Me quedé con ganas de agradecerle pero no regresó. Un par de días después, camino al aeropuerto me vuelve a visitar y me dice, socarrón: "Che ¿ustedes nunca se preguntaron qué hacía aquel halcón solitario que en el partido Argentina-Inglaterra estaba en el círculo central del estadio Azteca, justo cuando el Diego recibió el pase del negro Enrique? ¿No vieron que estaba picoteando en el pasto, seguramente buscando gusanitos? ¿Y no se avivaron que emprendió vuelo ni bien el Diego hizo el primer enganche, voló raudo hacia el arco de Shilton, se paró unos segundos en el travesaño y luego salió volando fuera del Estadio?”

“Bueno”, continúa con tono condescendiente Yasir: “ese era yo. Sabía que el Diego estaba por hacer una genialidad y que necesitaba una ayudita. Y Horus, Dios supremo del mundo árabe, no podía ser indiferente ante una obra maestra como el segundo gol a los ingleses, con quienes tenemos muchos temitas para conversar por las cosas que les hicieron a nuestra gente.”
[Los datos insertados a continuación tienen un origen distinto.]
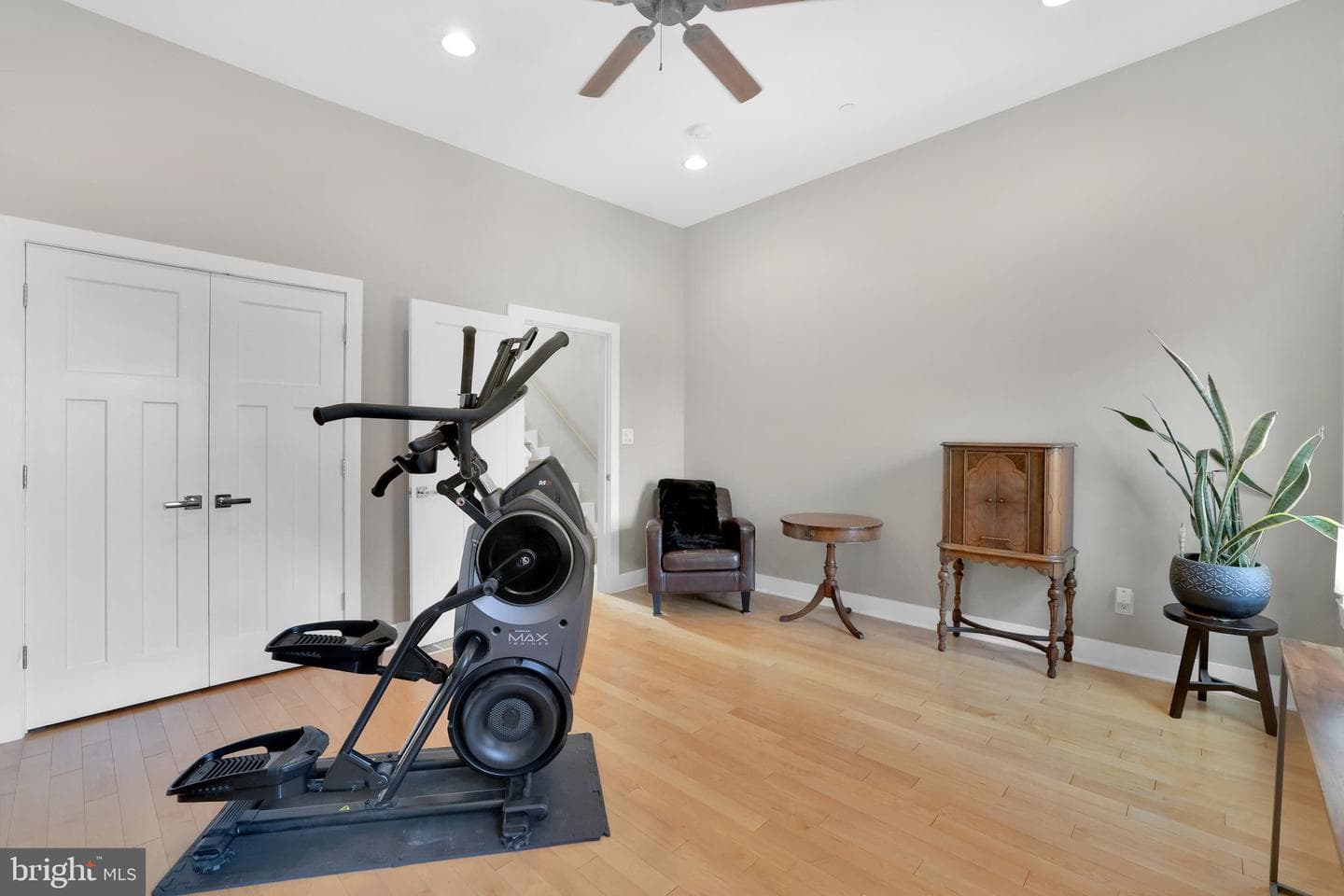 1412 5th Street NW #301 photo 48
Quedé estupefacto ante esta revelación. Recordé el relato de Víctor Hugo: “¡De qué planeta viniste, barrilete cósmico!” y caí en la cuenta que estaba moviéndome en un territorio que trascendía al prosaico materialismo de la cultura occidental y que el relator era consciente, o no, de ello. No tuve tiempo para más cavilaciones porque Yasir desplegó con elegancia sus alas y emprendió vuelo. Cuando reapareció, en Chapadmalal, se repitió la historia: posándose delicadamente en mi hombro me dijo: “Sé que en las presidenciales de octubre se juegan un partido más jodido todavía que el que le ganaron a los franceses, y van a necesitar ayuda. Así que te quería poner sobre aviso para que no te sorprendas cuando me veas por aquí. Será muy difícil, habrá mucha angustia y mucho sufrimiento, pero van a ganar. Se lo merecen.” Y volvió a partir raudo hacia los cielos. Lo seguí con la mirada, demudado pero inmensamente feliz porque sentí una extraña pero agradable vibración: era el optimismo que regresaba a mi cuerpo.